■ EXTRACTED MATERIAL
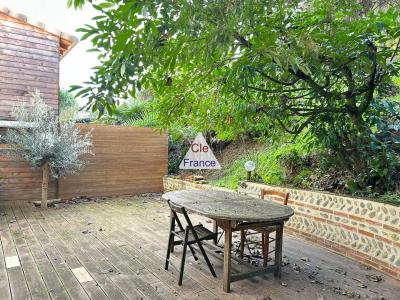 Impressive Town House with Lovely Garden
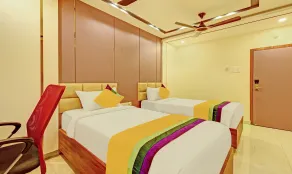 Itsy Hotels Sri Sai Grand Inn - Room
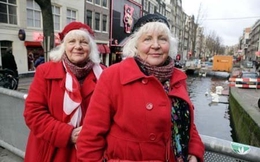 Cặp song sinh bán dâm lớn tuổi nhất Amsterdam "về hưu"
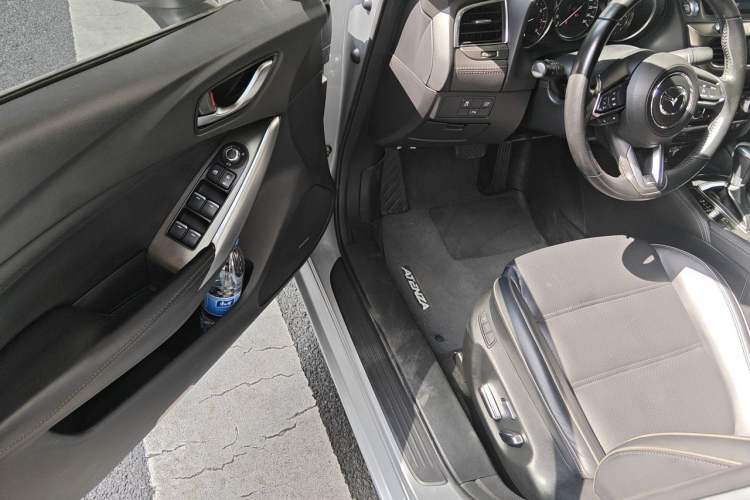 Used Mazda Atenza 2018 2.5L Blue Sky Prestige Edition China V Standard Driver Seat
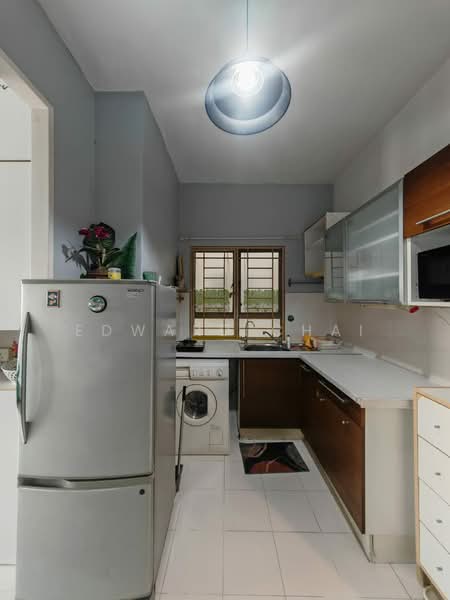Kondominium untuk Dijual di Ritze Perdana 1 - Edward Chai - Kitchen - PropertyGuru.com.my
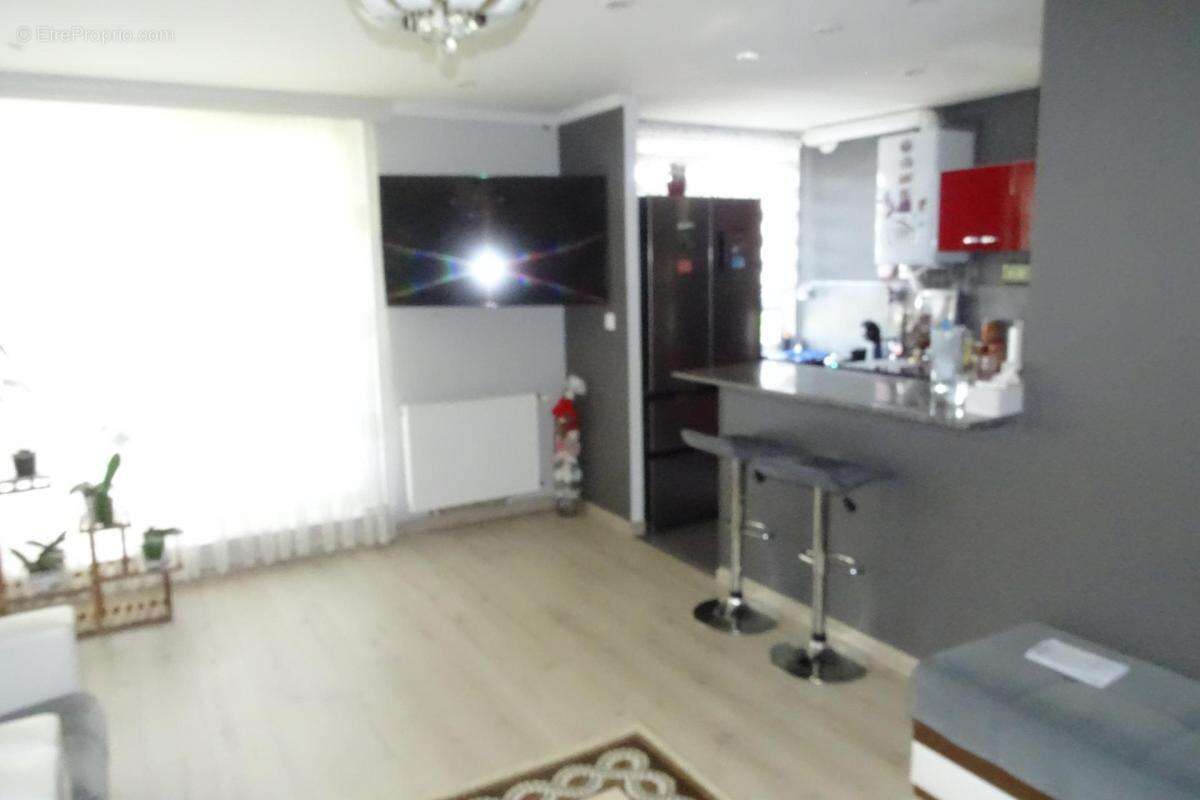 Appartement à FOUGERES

■ TRY IT
Every entry is to be reproduced word for word, and no image is carried over.

■ PROBLEM SOLUTION
 Impressive Town House with Lovely Garden
 Itsy Hotels Sri Sai Grand Inn - Room
 Cặp song sinh bán dâm lớn tuổi nhất Amsterdam "về hưu"
 Used Mazda Atenza 2018 2.5L Blue Sky Prestige Edition China V Standard Driver Seat
Kondominium untuk Dijual di Ritze Perdana 1 - Edward Chai - Kitchen - PropertyGuru.com.my
 Appartement à FOUGERES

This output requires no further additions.